Gazete Kritik Gündem Avukat Gökhan Tekşen: "Fatih Altaylı ceza kararındaki infazı zaten yattı, derhal özgür kalmalıydı"

Avukat Gökhan Tekşen: "Fatih Altaylı ceza kararındaki infazı zaten yattı, derhal özgür kalmalıydı"

Gazeteciler Cemiyeti'nin de avukatlığını yürüten Avukat Gökhan Tekşen, bugün YouTube kanalındaki yayını gerekçesiyle Gazeteci Fatih Altaylı aleyhine verilen ceza ve tutuklu kalmasına devam kararını değerlendirdi.

YILDIZ YAZICIOĞLU / ÖZEL HABER- İstanbul 26. Ağır Ceza Mahkemesi, Altaylı hakkında "Cumhurbaşkanı'nı fiziki tehdit" gerekçesiyle 4 yıl 2 ay hapis cezasına hükmetti.

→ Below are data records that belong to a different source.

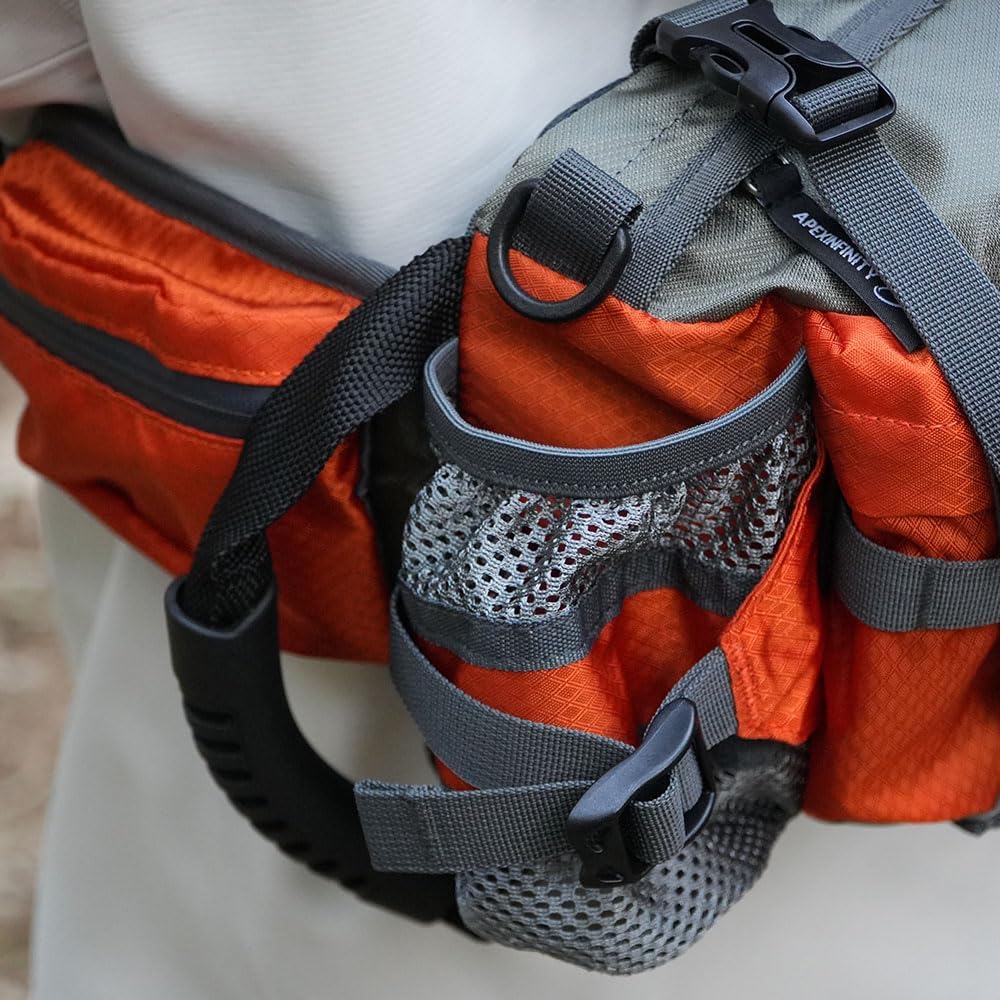 Motorcycle Waist Bag Tactical Waist Pack with Safety Handle, Military Hip Belt Bag, Outdoor Hiking Hip Bum Bag with Multi-Pockets Large Capacity for Traveling Casual Cycling Running Hiking, Orange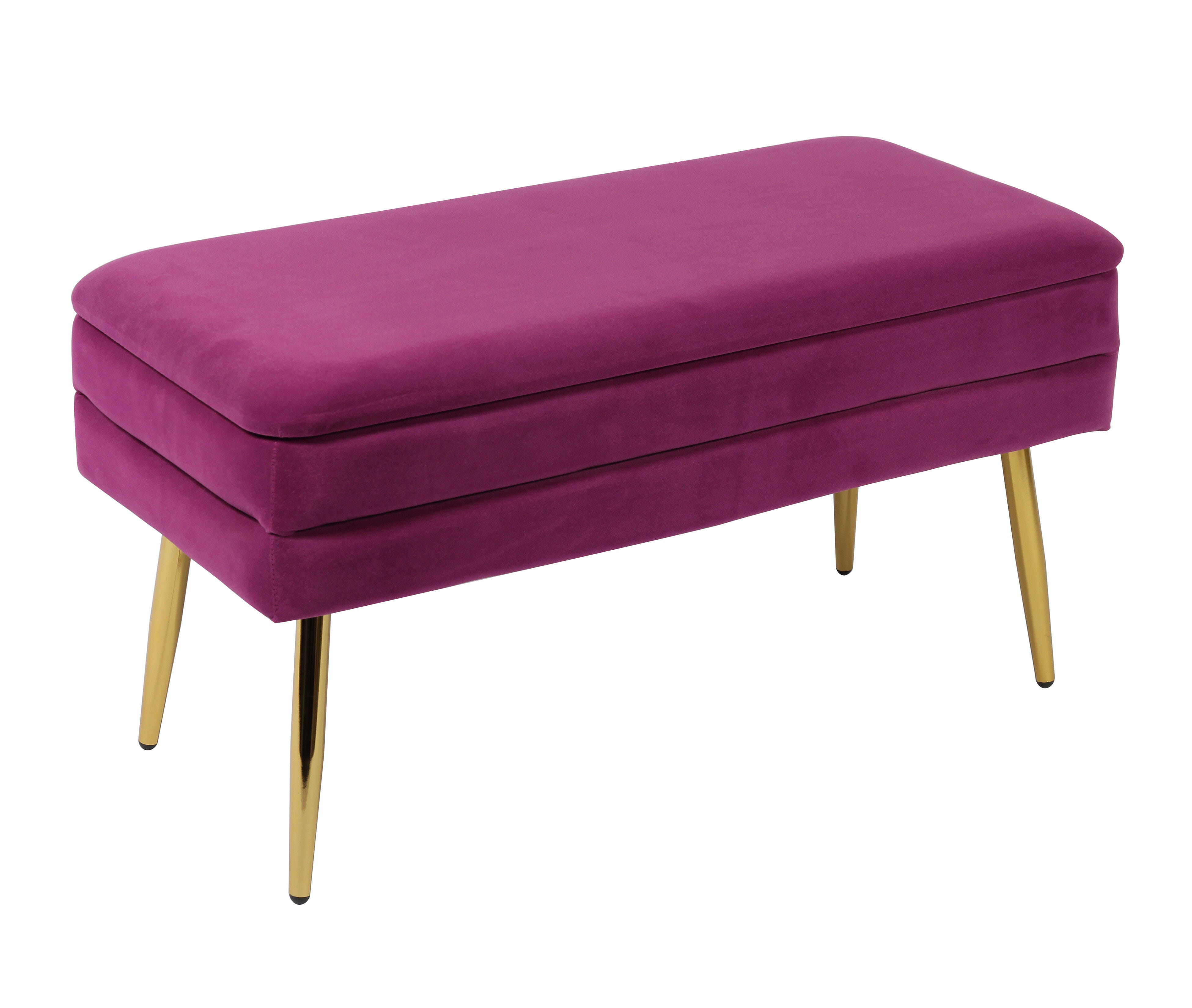 Ziva Ziva Plum Velvet Storage Bench, Purple, large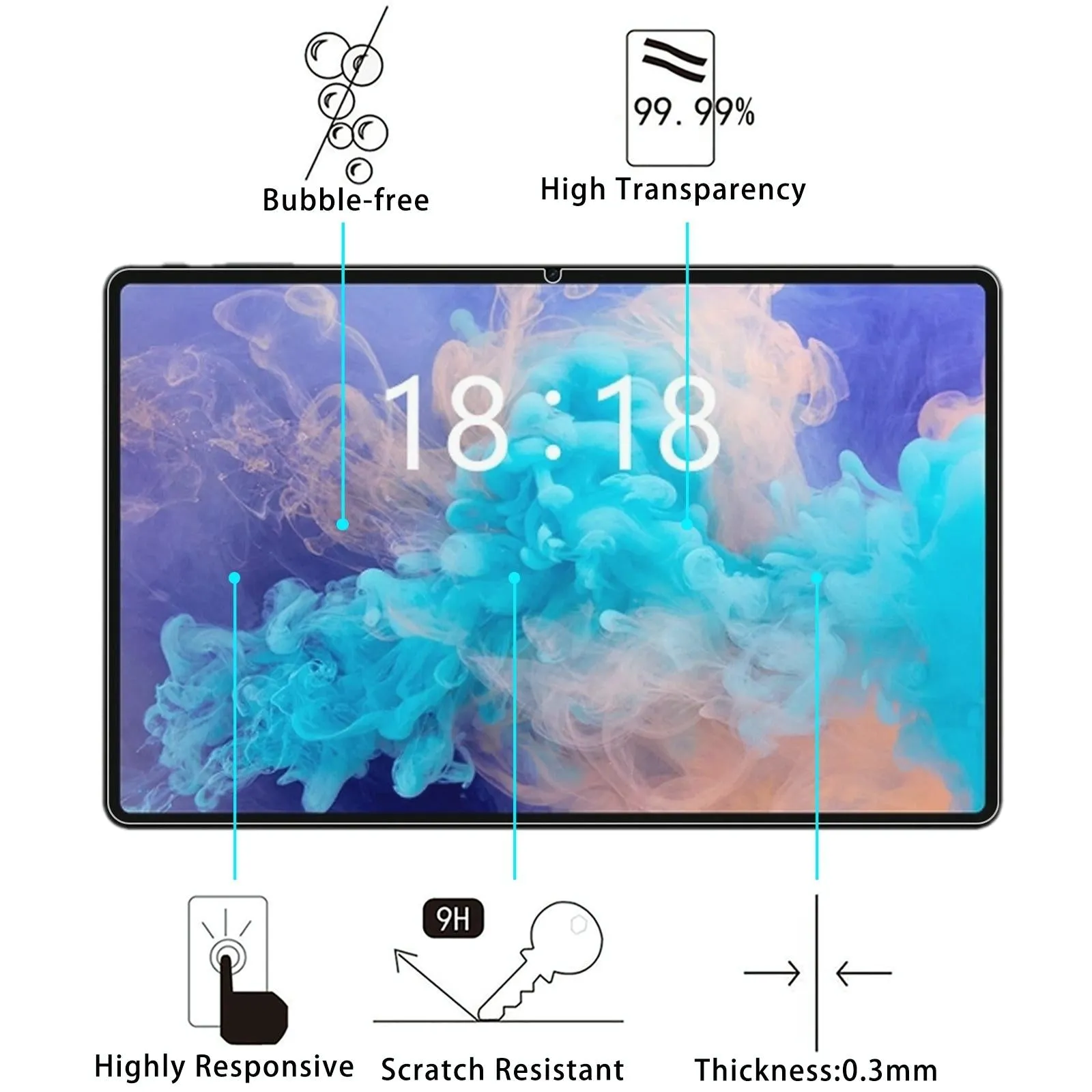 2-Pack 9H Tempered Glass Film 0.3Mm Thickness Explosion-Proof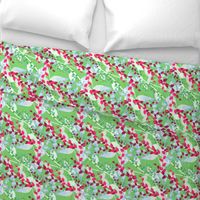 Abstract floral pattern with spring leaves in pink and green colors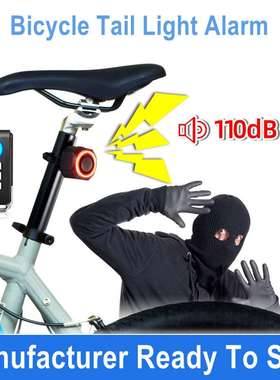 700mAh LED Tail Light Alarm Brake Vibration Portable Light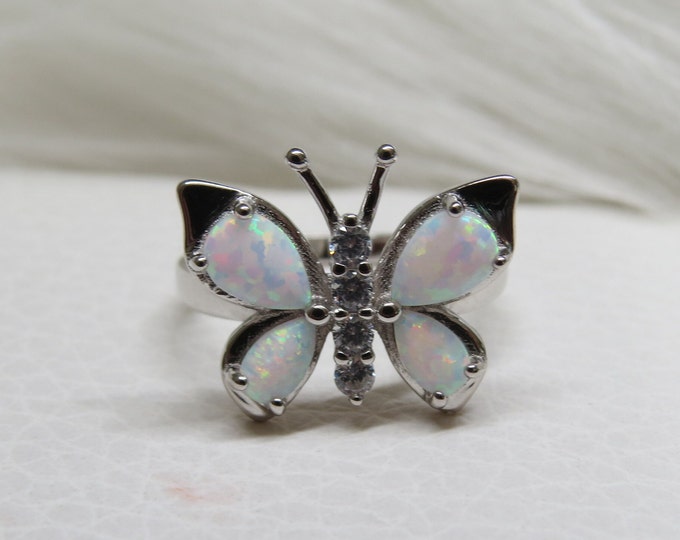 Vintage Sterling Silver White Opal Butterfly Ring.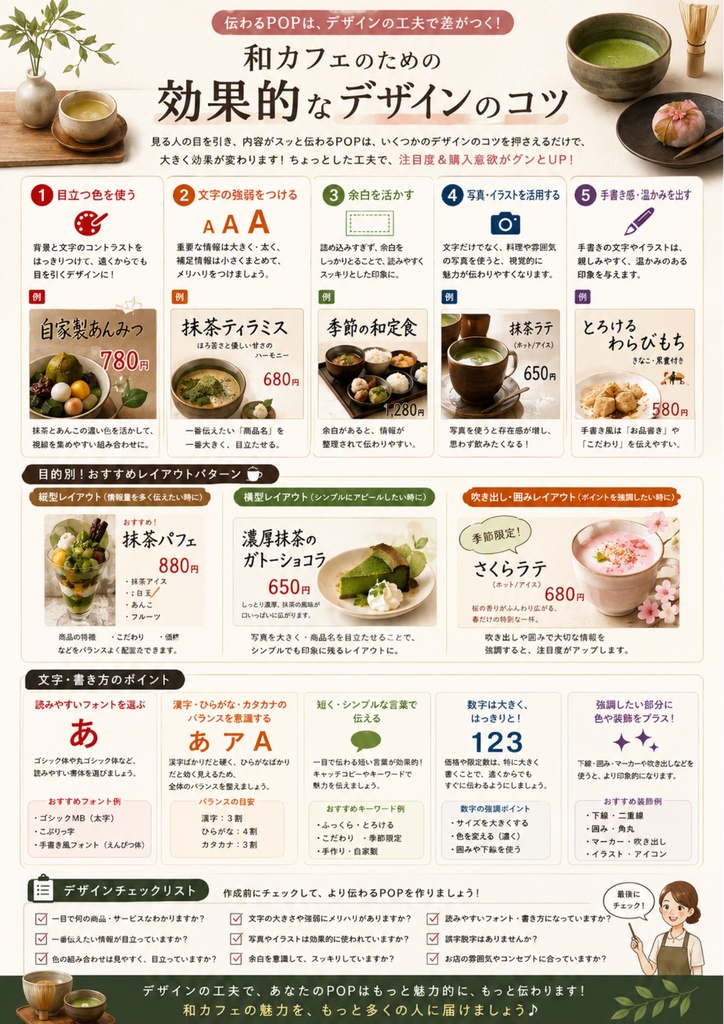 Canva飲食店POPテンプレ【和風カフェ万能テンプレート】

Mahkeme, ayrıca"adli kontrol hükümlerinin yeterli olmayacağı" gerekçesiyle Altaylı'nın Silivri Cezaevi'ndeki tutukluluk halinin devamına karar verdi.

Altaylı'nın beş aydır Silivri'de mahkum edildiğini anımsatan Tekşen, tutuklu kaldığı süre itibariyle Altaylı'nın bugün çarptırıldığı cezanın zaten infaz edilmiş olduğunu ve hemen serbest bırakılması gerektiği açıkladı. Tekşen, "Tutuksuz yargılama olmalı idi. Ceza hiç olmamalı idi. Anayasa ve hukuki ilkelere aykırı bir cezalandırma yapılıyor" dedi.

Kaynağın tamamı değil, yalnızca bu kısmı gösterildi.